Est-ce utile que le Président se déplace en Inde en tant que commercial, essentiellement pour vendre des Rafales ainsi qu'une centrale nucléaire ? Ou est-ce vraiment une visite diplomatique ?

Les média ont beaucoup présenté le voyage du Président Hollande comme celui d’un VRP. C’est une erreur de jugement très importante qui méconnaît à la fois les Indiens, et peut-être aussi le Président lui-même. En ce qui concerne les Indiens, c’est faire de la mauvaise publicité de la France que de présenter ce voyage comme celui d’un représentant de commerce qui va vendre des armes et du nucléaire à l’Inde – pays qui, par ailleurs, est très divisé sur ces questions.

En ce qui concerne le Président, il s’agit pour lui une visite dans un pays qu’il ne connaît pas, dont on lui a dit l’importance dans les années à venir pour toute diplomatie multipolaire comme la nôtre. Il s’agit de rencontrer des interlocuteurs qu’il ne connaît pas, d’aller au devant d'un peuple, d'une communauté d'affaires, de rentrer en empathie. avec eux.

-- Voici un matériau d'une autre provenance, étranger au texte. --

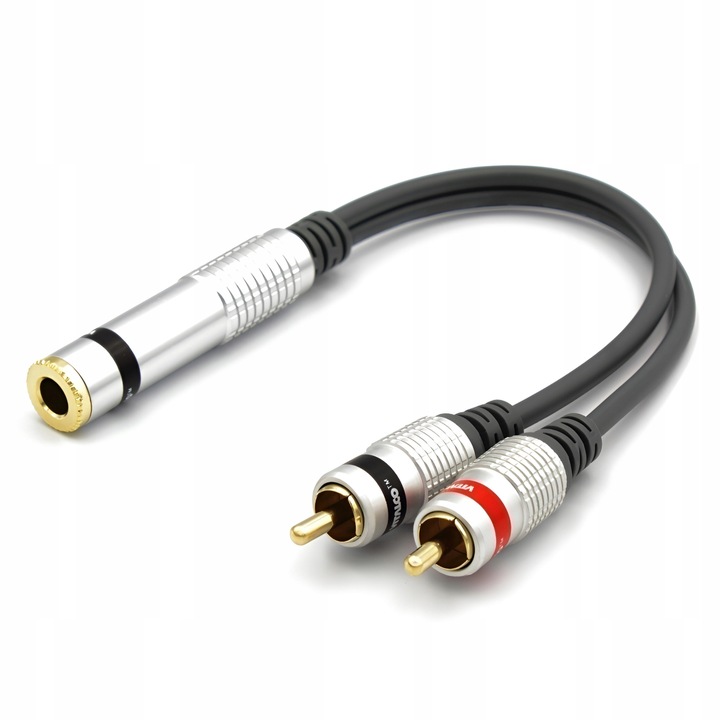 ADAPTER PRZEJŚCIÓWKA JACK GNIAZDO 6,3 STEREO NA 2x GNIAZDO RCA VITALCO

C’est donc véritablement l’accent diplomatique qui est essentiel dans ce voyage avec sa composante personnelle. La compagne du Président fait, ainsi, la Une de la presse people indienne. Vous vous rendez compte : arriver le jour de la Saint-Valentin !

Ce faisant, ne pas avoir de dossiers économiques et commerciaux avec soi ne peut pas non plus donner de poids à la diplomatie. Il était donc normal que le Président y aille avec une délégation de ministres de différents domaines et une délégation d’hommes d’affaires extrêmement importante puisqu’il s’agit d'entreprises qui rencontrent beaucoup de succès en Inde (Lafargue, Saint-Gobain, etc).

L’Inde est-elle un nouvel eldorado pour la France ? Plus accessible que la Chine ?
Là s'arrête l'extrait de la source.